# WHAT IS REQUIRED
Line by line, give the data again exactly as it appears, but without pictures.

# THE DATA
================================

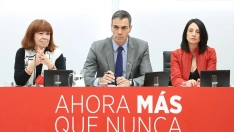 Narbona, junto a Sánchez y Torró (Marta Fernández/Europa Press)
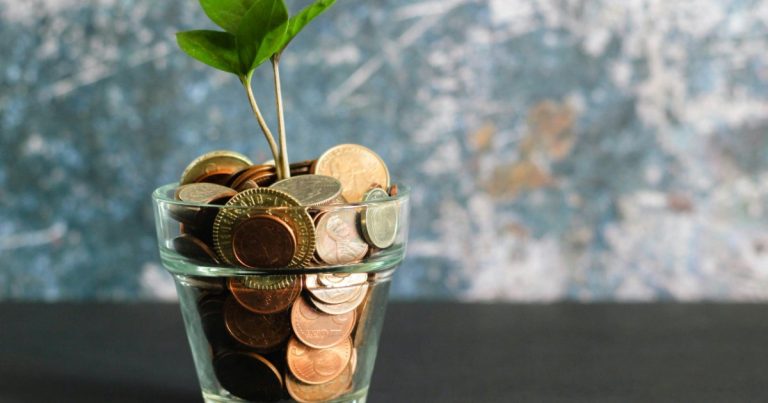 Glass jar of coins with a green sprout growing out of it, like an earnest money deposit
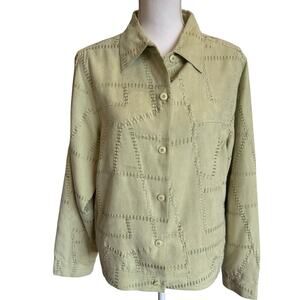 Christopher & Banks Jacket XL Lime Green Faux Suede Patchwork Stitching Lined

================================

# TASK RESULT
 Narbona, junto a Sánchez y Torró (Marta Fernández/Europa Press)
 Glass jar of coins with a green sprout growing out of it, like an earnest money deposit
 Christopher & Banks Jacket XL Lime Green Faux Suede Patchwork Stitching Lined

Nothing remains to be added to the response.